> [ACTIVITY] In the lines below, output everything from the first line through the line containing "Certified 2023 Honda HR-V LX" exactly as it is. Pictures are not part of the output.

> [MATERIAL SHOWN]
---

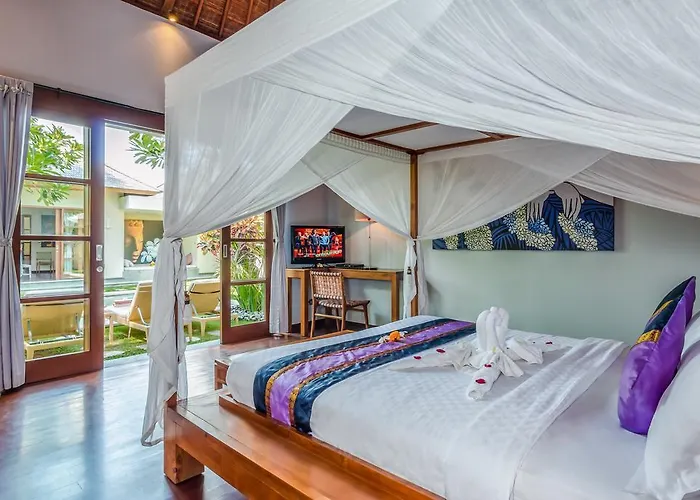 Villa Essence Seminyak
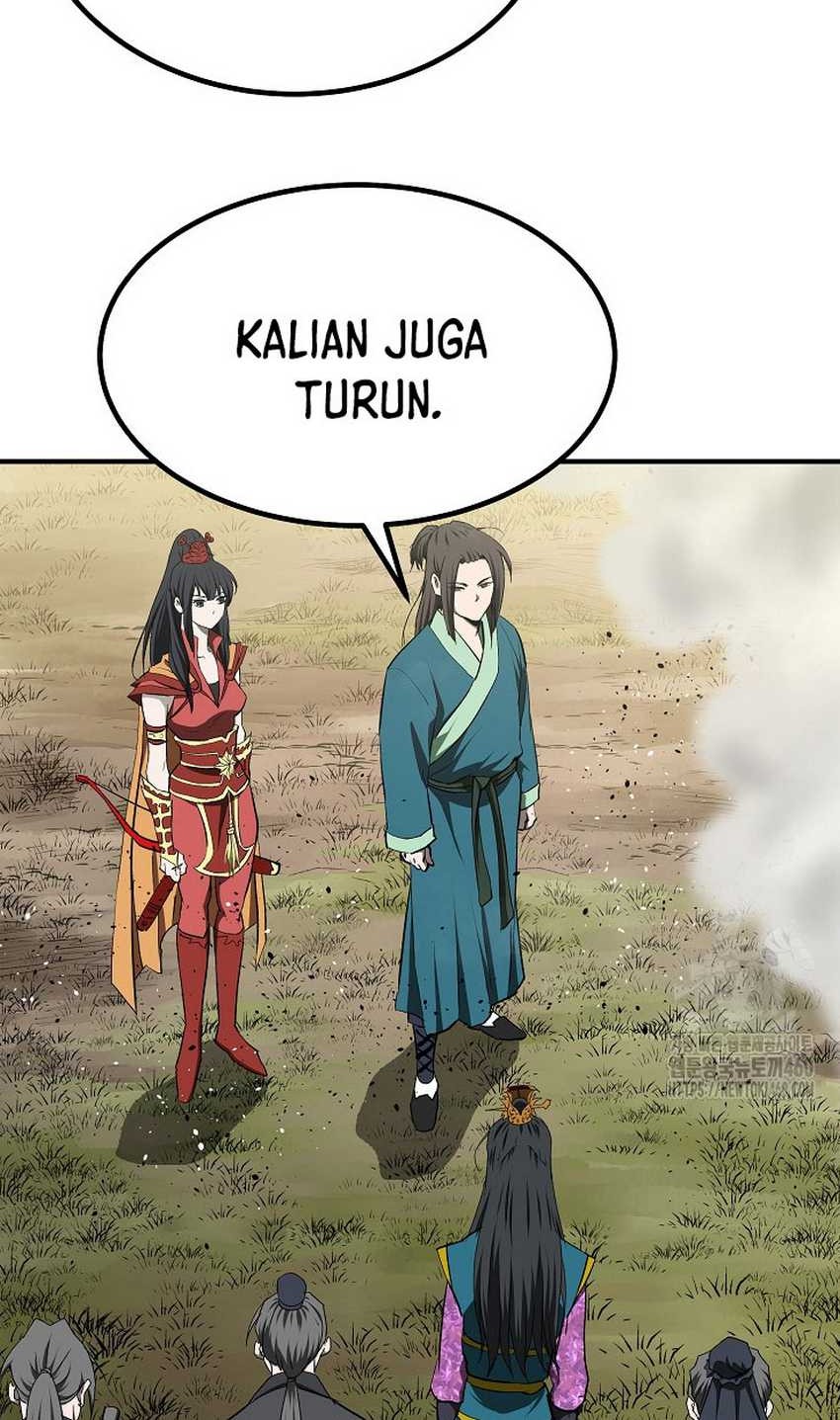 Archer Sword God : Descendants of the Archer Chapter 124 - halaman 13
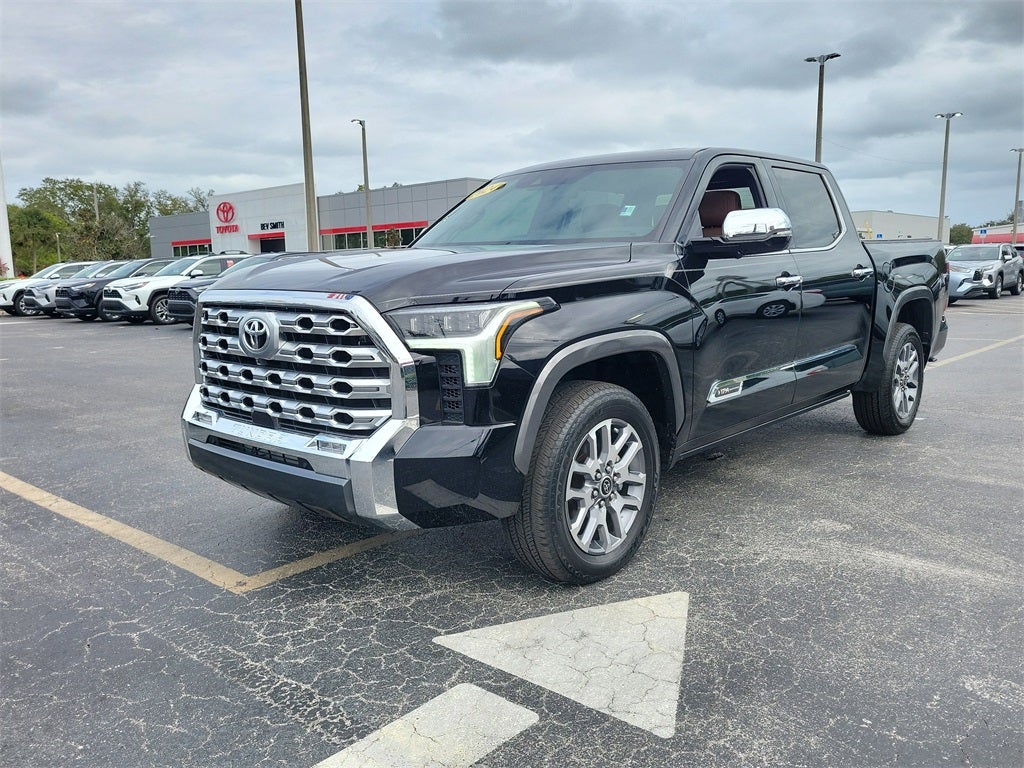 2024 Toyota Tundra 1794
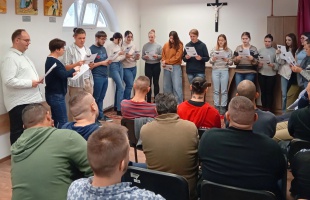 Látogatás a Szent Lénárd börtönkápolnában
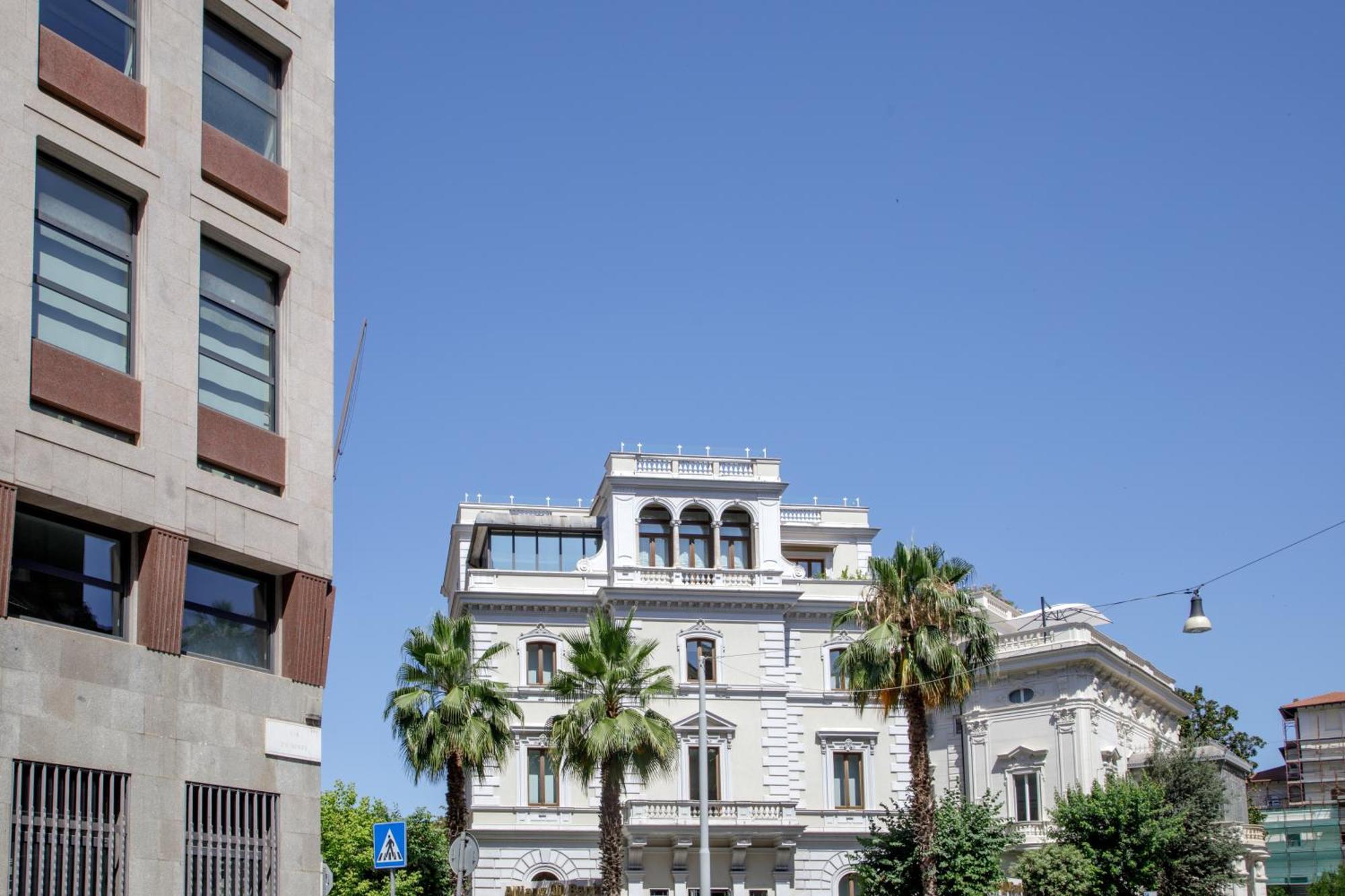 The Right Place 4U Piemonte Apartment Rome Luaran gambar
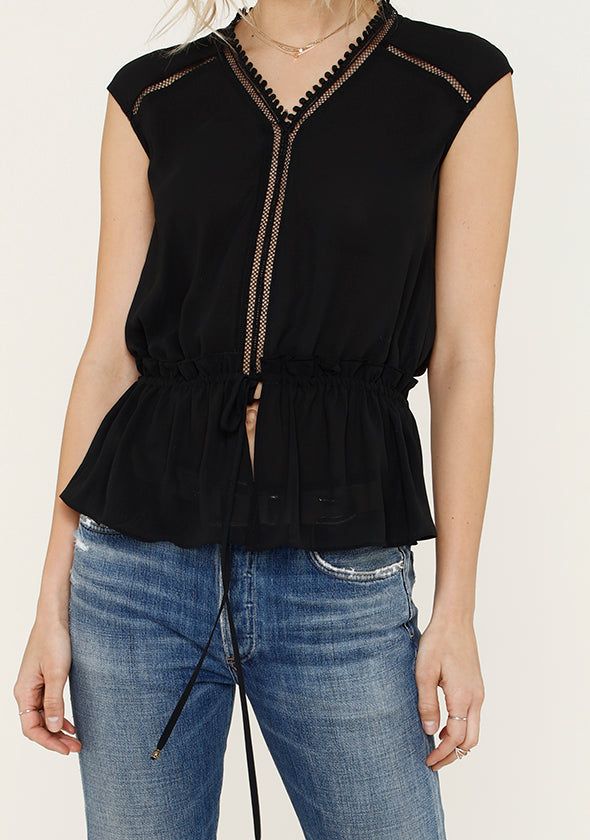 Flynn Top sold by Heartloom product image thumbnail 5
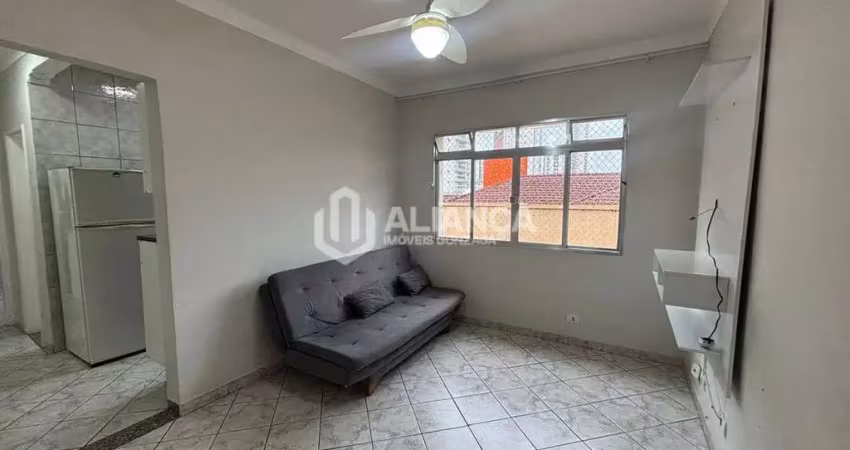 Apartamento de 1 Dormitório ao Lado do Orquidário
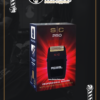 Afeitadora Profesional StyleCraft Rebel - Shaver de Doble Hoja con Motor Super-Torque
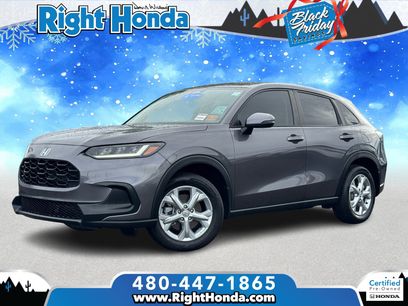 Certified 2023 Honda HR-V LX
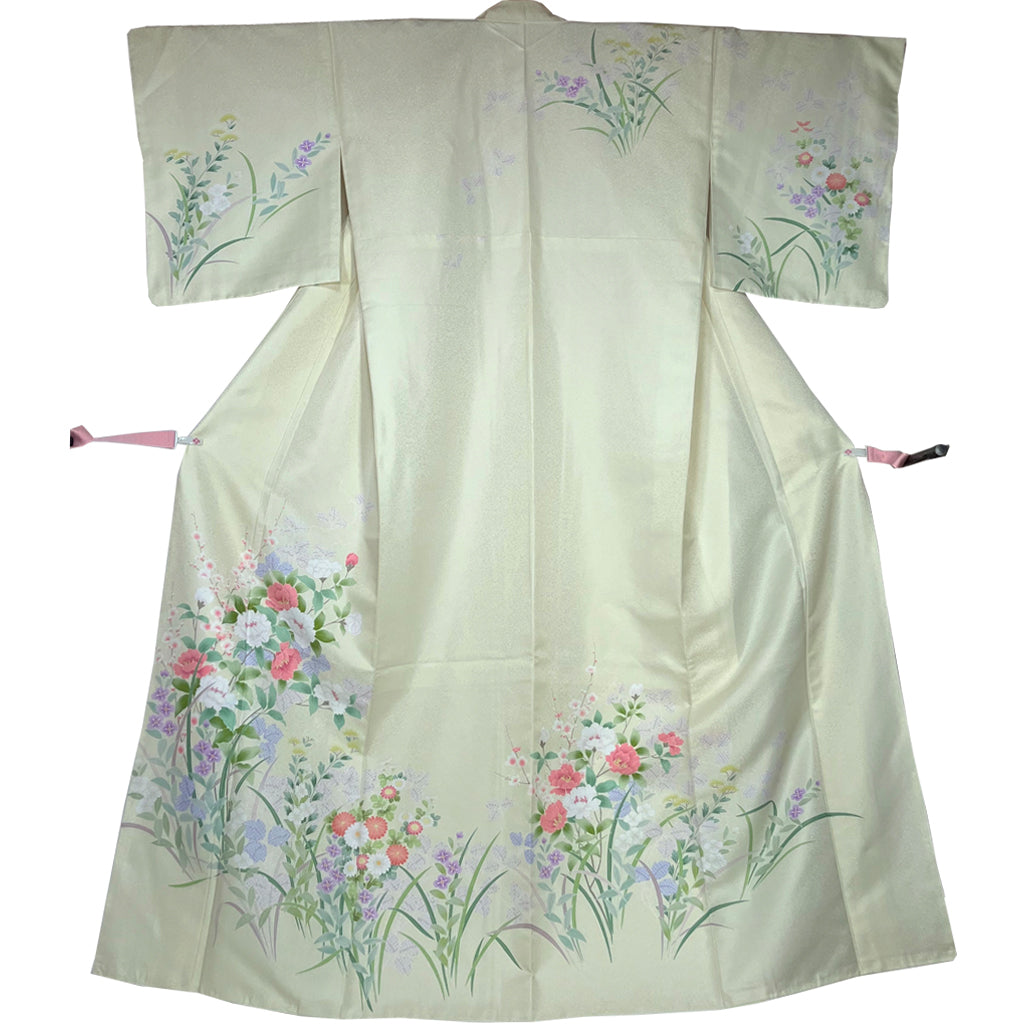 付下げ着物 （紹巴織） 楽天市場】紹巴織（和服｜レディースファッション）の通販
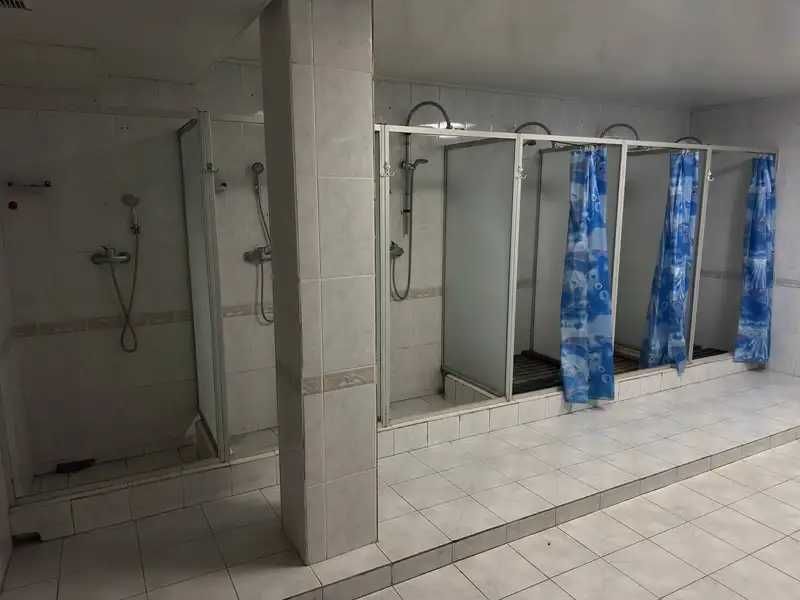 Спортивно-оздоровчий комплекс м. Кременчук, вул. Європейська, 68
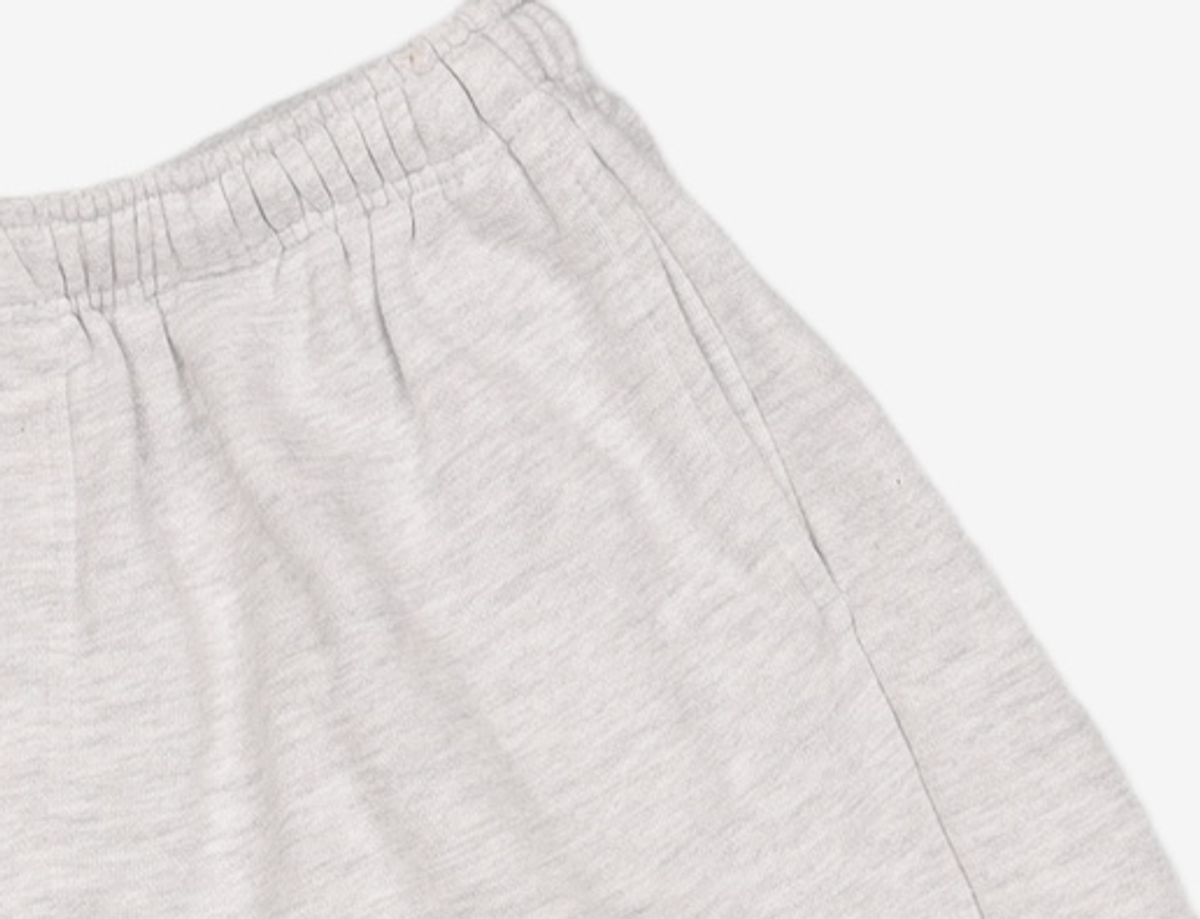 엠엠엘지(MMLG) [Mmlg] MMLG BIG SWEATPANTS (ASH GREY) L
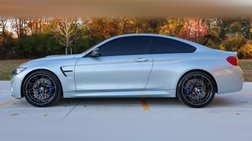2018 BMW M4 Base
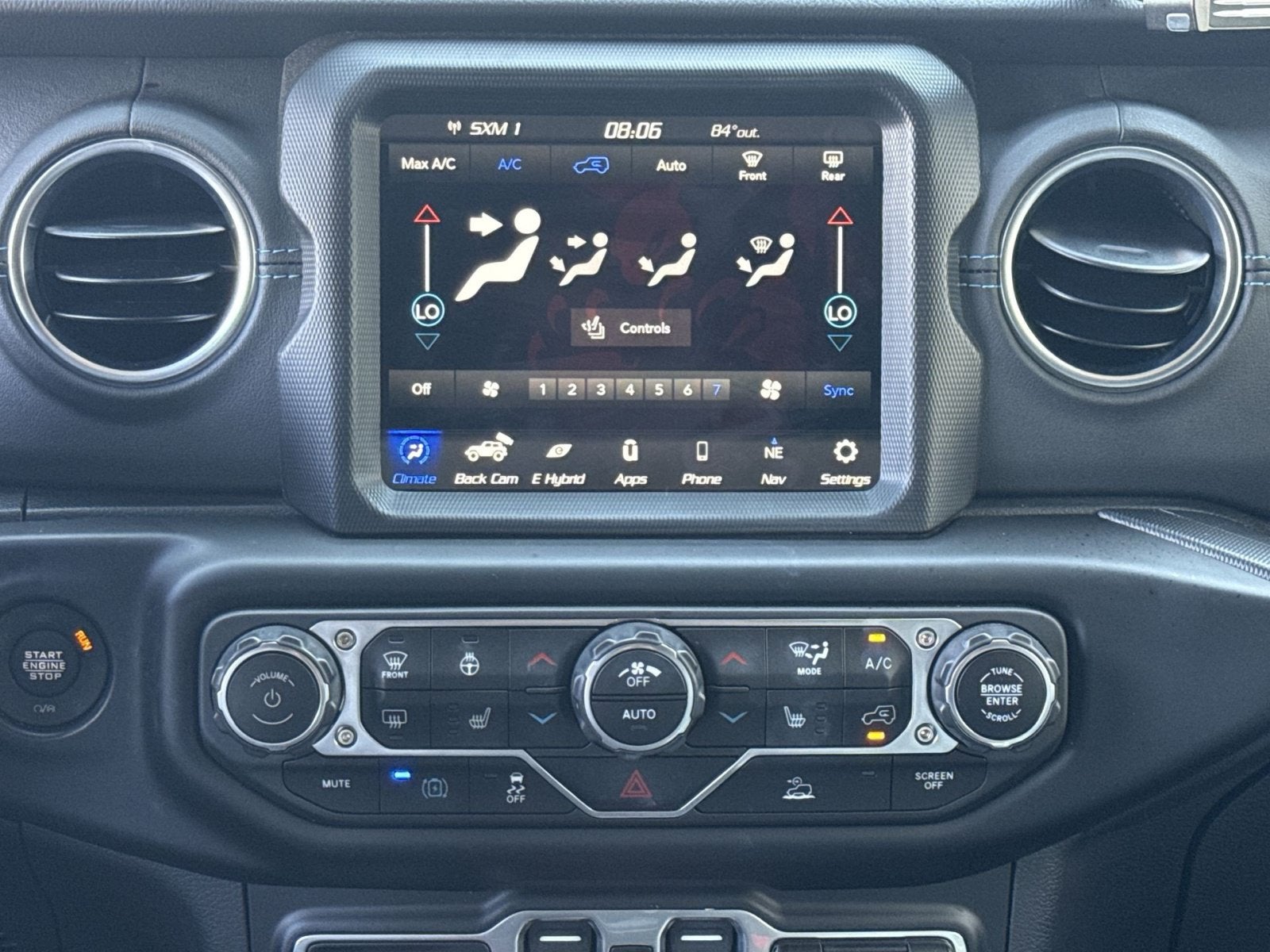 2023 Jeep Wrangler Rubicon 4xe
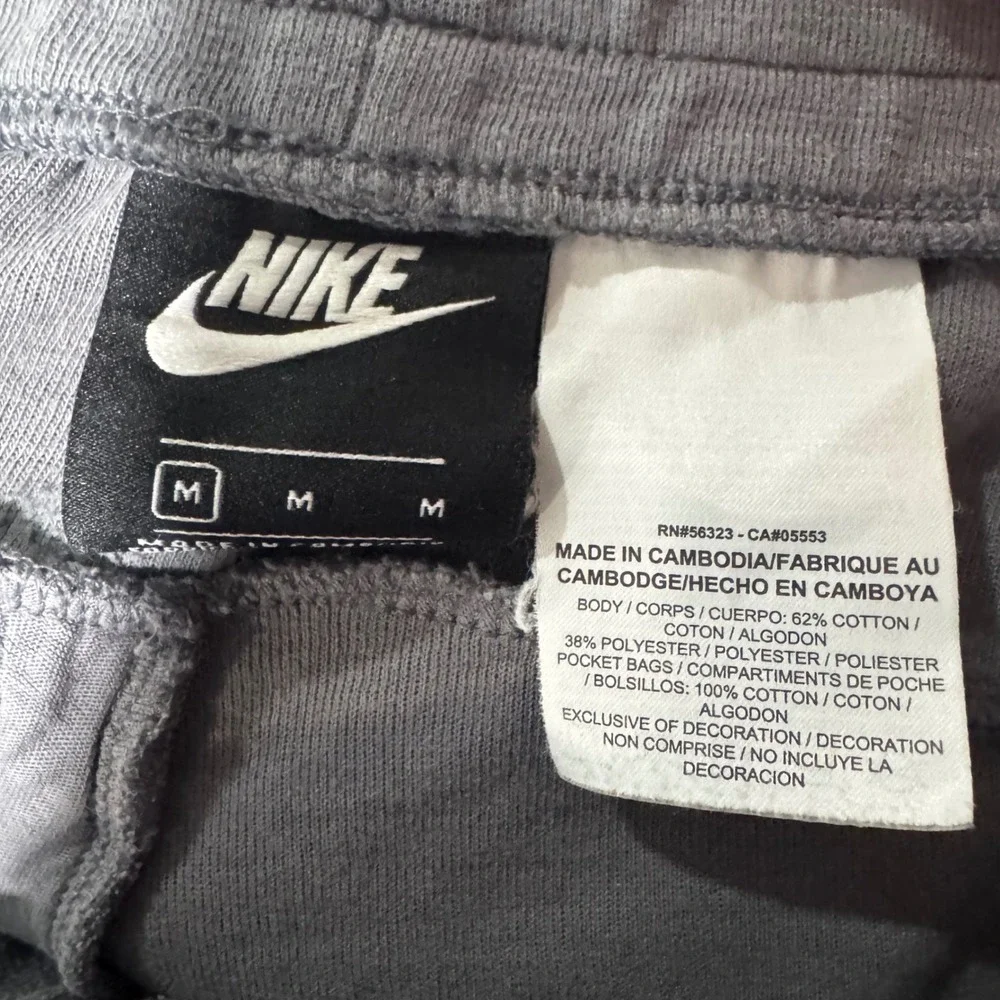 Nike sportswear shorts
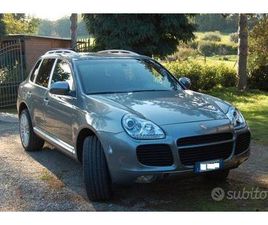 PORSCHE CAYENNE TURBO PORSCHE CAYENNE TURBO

---

> [SOLUTION]
 Villa Essence Seminyak
 Archer Sword God : Descendants of the Archer Chapter 124 - halaman 13
 2024 Toyota Tundra 1794
 Látogatás a Szent Lénárd börtönkápolnában
 The Right Place 4U Piemonte Apartment Rome Luaran gambar
 Flynn Top sold by Heartloom product image thumbnail 5
 Apartamento de 1 Dormitório ao Lado do Orquidário
 Afeitadora Profesional StyleCraft Rebel - Shaver de Doble Hoja con Motor Super-Torque
 Certified 2023 Honda HR-V LX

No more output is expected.